Big Money Floods Venice Beach

Is a gentrified Venice Beach still Venice Beach? With median home prices topping $1.4 million, the area's eclectic characters can't afford to stay. Investors and the tech industry say the change is only natural.

1 minute read

August 28, 2015, 9:00 AM PDT

By Philip Rojc @PhilipRojc


Abbot Kinney

Michael Dorausch / Flickr

Venice Beach is on the path to becoming something very different. Some are now calling the area Silicon Beach. "As skyrocketing real estate prices push longtime residents out of this oceanside district of Los Angeles, corporate chains are replacing funky shops, and tech geeks are emerging as a dominant part of the scene."

Google and Snapchat stand out among a throng of start-ups and plentiful investment by moneyed interests. Median home prices are up from $832,000 to $1.4 million in the past five years alone. Abbot Kinney Boulevard, formerly a space for bohemian shops and eateries, has gone full yuppie. "In a stunner last month, a piece of commercial property on the boulevard sold for $44 million to a New York partnership [...] Jaws had also dropped when the same property sold for $20 million two years ago."

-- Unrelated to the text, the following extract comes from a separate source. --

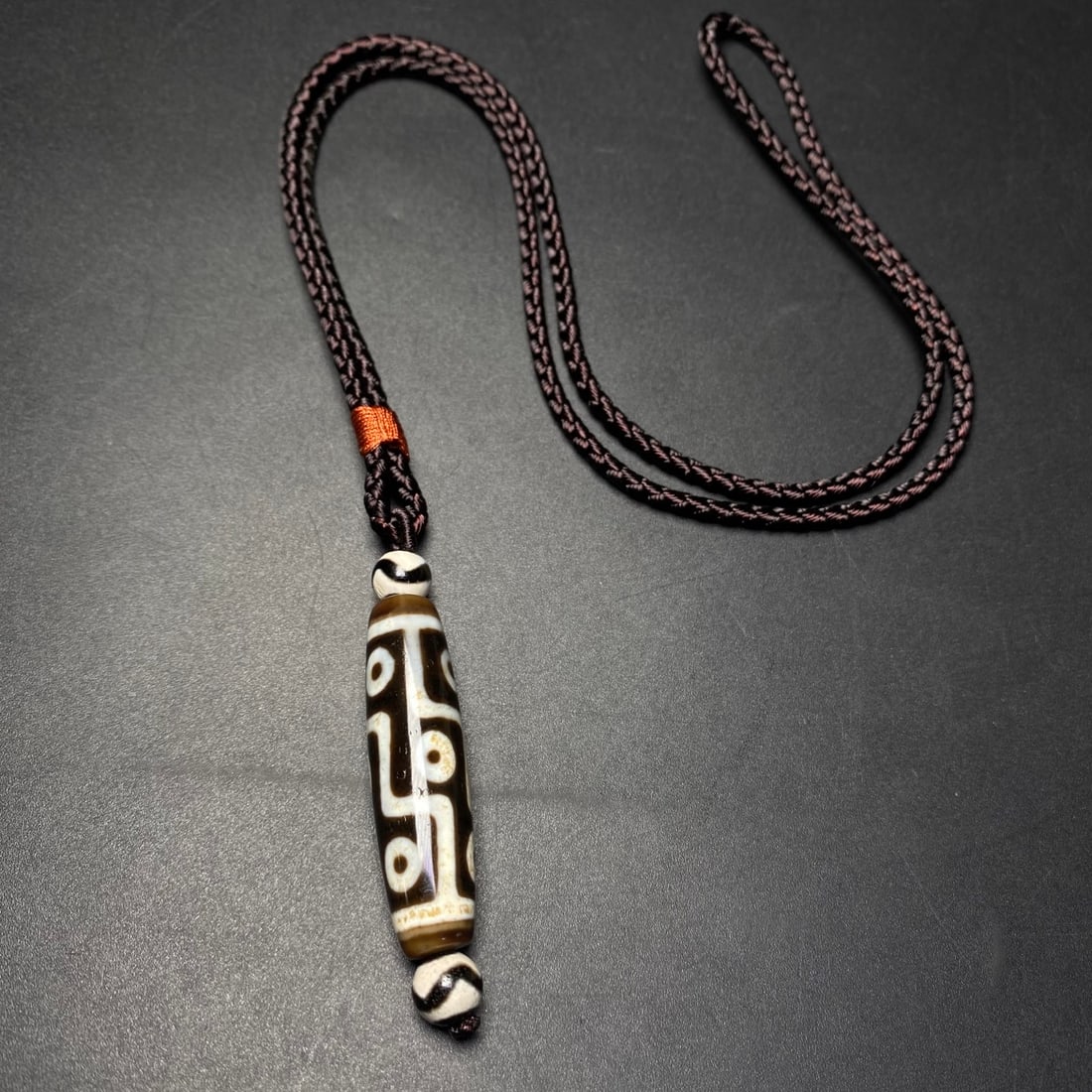 A Precious Dzi Bead Necklace: A Precious Dzi Bead Necklace,Size:1.8inx0.5in,Weight:17.2g 天珠项链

Venice's breakneck gentrification is pushing out the artists and musicians who defined the area for so many years. Some commentators call it natural, prime beachfront property finally coming into the value it should have had all along. Venice is now the top Airbnb spot in L.A.

If that's the case, the area's hippies and avant-garde artists will need to find somewhere else to call home. Or as one resident put it, "A lot of other people, they just disappear, dude."